What the task asks:
Restate the listing that follows word for word, without its pictures.

(Source data Opens)

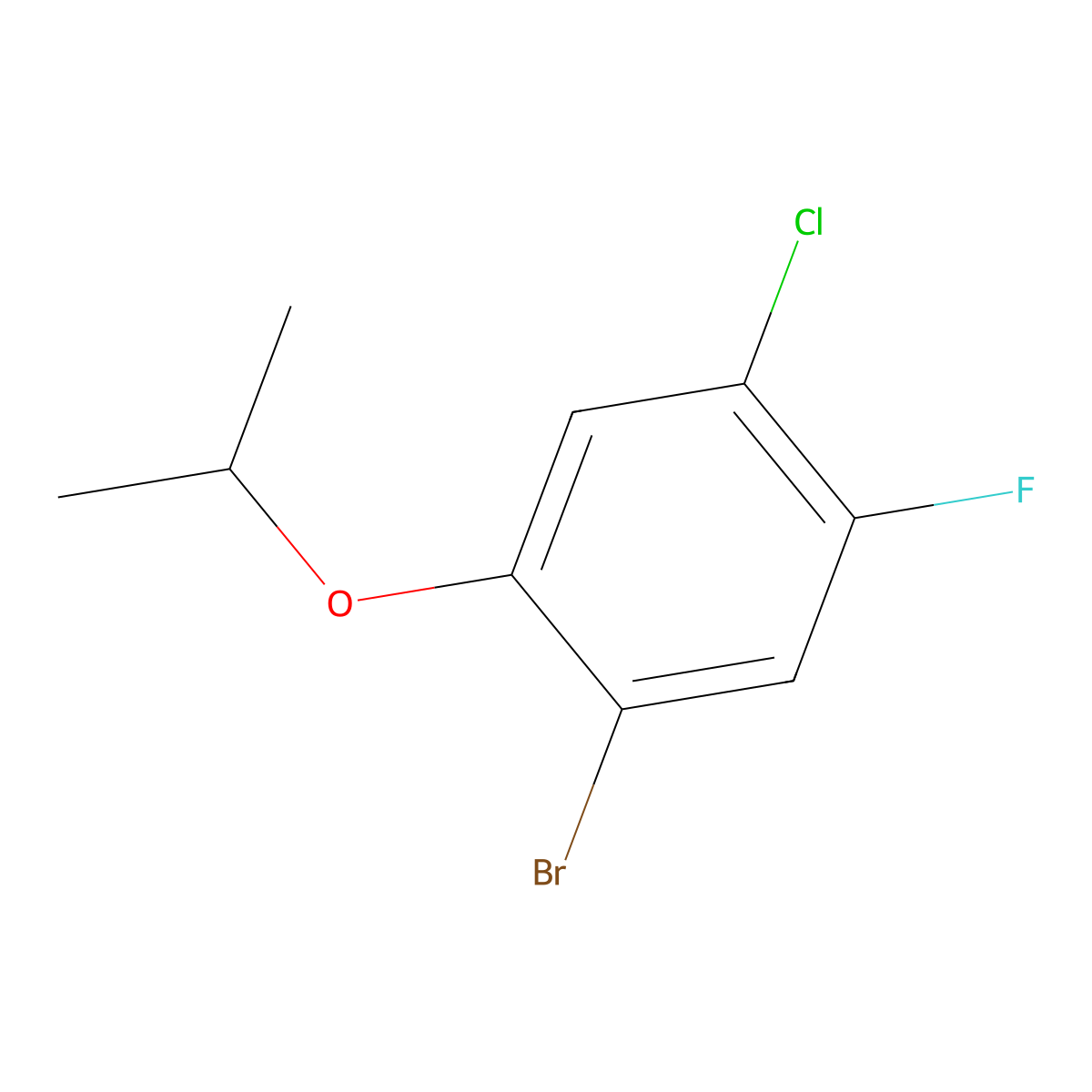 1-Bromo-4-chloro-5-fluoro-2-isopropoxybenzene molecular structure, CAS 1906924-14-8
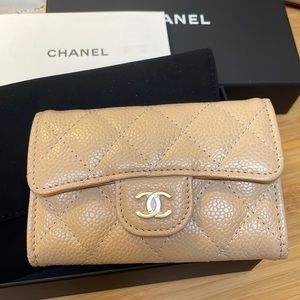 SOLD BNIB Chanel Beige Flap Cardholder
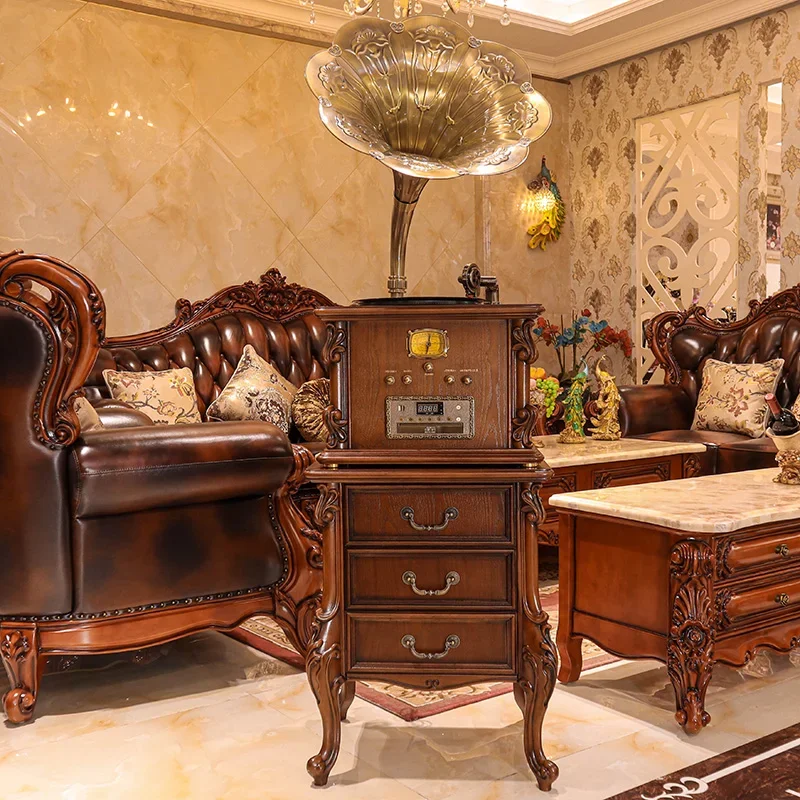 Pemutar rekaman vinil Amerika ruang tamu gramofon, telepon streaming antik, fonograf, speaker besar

(Source data Closes)

Output for this task:
 1-Bromo-4-chloro-5-fluoro-2-isopropoxybenzene molecular structure, CAS 1906924-14-8
 SOLD BNIB Chanel Beige Flap Cardholder
 Pemutar rekaman vinil Amerika ruang tamu gramofon, telepon streaming antik, fonograf, speaker besar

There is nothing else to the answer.